Content Based: If you can represent your products as a vector, you can have a
distance between each product, then you have a item-item recommendation. You
can use all kinds of embedding to achieve this results, some techniques that
we tried are word2vec embedding of user navigation, auto encoding of features
using neural networks, dimensionality reduction with PCA, ALS, etc.
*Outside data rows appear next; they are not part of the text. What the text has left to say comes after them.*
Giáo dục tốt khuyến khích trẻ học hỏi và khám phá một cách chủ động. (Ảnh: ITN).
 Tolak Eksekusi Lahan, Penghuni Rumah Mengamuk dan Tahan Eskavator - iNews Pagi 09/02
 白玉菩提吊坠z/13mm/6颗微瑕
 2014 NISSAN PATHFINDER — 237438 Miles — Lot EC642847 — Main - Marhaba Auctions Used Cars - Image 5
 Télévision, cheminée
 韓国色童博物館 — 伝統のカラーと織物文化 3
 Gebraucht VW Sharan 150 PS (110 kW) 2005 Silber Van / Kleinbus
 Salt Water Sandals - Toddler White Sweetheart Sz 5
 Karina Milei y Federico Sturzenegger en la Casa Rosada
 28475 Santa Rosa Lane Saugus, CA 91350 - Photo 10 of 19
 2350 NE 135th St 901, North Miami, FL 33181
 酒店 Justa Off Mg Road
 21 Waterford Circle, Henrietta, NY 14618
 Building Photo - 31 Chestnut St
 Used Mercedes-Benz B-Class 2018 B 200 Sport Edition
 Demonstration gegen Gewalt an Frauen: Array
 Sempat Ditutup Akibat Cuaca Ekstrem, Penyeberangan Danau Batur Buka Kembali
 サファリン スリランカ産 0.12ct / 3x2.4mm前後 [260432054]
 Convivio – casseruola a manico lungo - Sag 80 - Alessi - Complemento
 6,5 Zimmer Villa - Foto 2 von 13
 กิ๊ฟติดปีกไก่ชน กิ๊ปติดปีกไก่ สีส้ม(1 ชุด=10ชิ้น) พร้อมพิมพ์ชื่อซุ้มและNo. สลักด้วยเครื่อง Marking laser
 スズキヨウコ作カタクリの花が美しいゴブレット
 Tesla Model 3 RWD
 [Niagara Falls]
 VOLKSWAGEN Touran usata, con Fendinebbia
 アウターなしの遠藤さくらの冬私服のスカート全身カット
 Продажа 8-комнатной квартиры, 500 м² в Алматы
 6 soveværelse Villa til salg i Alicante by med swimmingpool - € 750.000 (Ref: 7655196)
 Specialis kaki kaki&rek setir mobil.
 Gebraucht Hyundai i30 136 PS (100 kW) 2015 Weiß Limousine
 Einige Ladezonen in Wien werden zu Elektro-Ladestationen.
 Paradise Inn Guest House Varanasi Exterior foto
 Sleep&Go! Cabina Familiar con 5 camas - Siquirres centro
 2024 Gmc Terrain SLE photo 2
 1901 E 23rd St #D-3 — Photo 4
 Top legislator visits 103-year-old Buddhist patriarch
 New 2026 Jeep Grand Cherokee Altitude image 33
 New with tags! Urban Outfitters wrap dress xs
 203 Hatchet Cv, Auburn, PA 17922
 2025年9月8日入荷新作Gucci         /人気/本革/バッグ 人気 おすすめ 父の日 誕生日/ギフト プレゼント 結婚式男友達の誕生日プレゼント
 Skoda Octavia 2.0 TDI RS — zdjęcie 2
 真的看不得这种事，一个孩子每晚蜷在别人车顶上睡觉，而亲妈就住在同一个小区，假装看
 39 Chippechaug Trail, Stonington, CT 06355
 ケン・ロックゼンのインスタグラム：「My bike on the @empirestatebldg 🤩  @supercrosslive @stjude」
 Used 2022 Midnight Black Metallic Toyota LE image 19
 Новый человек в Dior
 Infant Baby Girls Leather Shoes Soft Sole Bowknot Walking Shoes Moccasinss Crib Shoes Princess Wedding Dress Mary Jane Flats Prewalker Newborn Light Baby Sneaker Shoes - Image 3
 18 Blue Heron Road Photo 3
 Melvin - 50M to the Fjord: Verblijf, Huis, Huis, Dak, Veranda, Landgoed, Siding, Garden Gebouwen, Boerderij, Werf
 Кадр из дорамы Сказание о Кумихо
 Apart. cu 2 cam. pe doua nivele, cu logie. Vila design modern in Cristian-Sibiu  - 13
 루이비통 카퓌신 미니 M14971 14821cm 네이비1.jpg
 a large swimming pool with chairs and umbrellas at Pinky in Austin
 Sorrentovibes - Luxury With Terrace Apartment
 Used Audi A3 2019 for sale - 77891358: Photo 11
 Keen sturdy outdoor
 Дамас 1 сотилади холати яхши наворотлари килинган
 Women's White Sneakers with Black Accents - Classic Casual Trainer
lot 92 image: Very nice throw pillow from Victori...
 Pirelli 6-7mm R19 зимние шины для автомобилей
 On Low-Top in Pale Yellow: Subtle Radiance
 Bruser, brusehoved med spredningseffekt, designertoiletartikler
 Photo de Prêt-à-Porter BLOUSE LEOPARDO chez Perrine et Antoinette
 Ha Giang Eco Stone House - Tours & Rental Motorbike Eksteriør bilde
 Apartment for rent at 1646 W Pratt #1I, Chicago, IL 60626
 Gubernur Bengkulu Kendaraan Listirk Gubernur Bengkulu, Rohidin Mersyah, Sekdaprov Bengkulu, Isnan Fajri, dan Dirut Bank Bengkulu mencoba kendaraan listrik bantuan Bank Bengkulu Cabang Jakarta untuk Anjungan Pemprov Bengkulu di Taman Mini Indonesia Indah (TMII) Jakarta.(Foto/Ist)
There are
lots of libs for solving these problems as is a very studied field, usually
numpy and for finding the neighbors we use ann from scikitlearn, because if
you have millions of items, you cant just find the distance between all the
pairs.

Collaborative - Filtering, here you use the pairs of behavior of the users,
<user, item, ranking>. There is a surprise lib in python that works well, you
have the MlLib from Spark too, this techniques are called matrix factorization
techniques, and also gives you a embedding of the item or the user, and you
can apply the techniques of content based to find user-user and item-item
recommendations along the user-item recommendations

Hybrid Models: These are the models that use behavior and features of the user
an items, LightFM is a good lib that works well, but you can model it with
other tools like neural networks (
[https://ai.google/research/pubs/pub45530](https://ai.google/research/pubs/pub45530)
).

The challenges are depending on the company, its not the same to recommended
small amount of items to large number of users than large number of items to
small number users.

There is a whole specialization in coursera that is really good
[https://www.coursera.org/specializations/recommender-
systems](https://www.coursera.org/specializations/recommender-systems)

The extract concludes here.